## [REQUIREMENT]
Take the material below and restate it word for word, stopping after the line in which "Cabinet Minister Rekha Arya. Hillvani News" occurs.

## [MATERIALS PROVIDED]
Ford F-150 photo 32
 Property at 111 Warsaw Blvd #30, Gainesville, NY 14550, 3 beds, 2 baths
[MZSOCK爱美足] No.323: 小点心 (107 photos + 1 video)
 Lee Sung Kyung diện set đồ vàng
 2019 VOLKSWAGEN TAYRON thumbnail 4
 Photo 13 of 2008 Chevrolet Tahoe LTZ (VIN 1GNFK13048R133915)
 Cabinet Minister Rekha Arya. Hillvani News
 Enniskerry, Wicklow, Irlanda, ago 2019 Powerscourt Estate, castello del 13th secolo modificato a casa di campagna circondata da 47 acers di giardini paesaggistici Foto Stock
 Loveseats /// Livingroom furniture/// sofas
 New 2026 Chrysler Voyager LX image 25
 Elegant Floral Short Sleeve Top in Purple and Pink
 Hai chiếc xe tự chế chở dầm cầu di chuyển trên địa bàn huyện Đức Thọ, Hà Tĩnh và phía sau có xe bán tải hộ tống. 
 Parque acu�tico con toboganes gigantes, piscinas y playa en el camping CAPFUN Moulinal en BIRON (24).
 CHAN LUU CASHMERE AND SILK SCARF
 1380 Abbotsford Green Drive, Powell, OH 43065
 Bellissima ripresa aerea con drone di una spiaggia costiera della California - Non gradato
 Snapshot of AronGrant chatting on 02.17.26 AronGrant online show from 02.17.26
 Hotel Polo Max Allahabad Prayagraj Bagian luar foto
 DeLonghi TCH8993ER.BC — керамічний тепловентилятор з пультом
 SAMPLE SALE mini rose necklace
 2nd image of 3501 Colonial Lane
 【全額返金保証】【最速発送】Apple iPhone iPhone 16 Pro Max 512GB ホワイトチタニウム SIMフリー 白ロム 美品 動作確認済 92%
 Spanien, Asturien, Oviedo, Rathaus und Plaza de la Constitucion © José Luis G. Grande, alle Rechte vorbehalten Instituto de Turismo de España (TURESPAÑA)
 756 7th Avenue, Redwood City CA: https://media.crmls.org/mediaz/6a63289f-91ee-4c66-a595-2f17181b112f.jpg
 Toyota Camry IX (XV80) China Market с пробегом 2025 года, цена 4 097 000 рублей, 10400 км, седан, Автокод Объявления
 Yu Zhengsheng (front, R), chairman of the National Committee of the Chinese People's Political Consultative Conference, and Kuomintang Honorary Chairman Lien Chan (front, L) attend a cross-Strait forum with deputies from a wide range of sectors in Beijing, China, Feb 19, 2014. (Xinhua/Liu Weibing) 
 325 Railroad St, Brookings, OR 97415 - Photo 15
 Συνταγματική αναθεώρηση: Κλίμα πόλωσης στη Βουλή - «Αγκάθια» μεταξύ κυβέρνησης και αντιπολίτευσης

## [SOLVED PROBLEM]
Ford F-150 photo 32
 Property at 111 Warsaw Blvd #30, Gainesville, NY 14550, 3 beds, 2 baths
[MZSOCK爱美足] No.323: 小点心 (107 photos + 1 video)
 Lee Sung Kyung diện set đồ vàng
 2019 VOLKSWAGEN TAYRON thumbnail 4
 Photo 13 of 2008 Chevrolet Tahoe LTZ (VIN 1GNFK13048R133915)
 Cabinet Minister Rekha Arya. Hillvani News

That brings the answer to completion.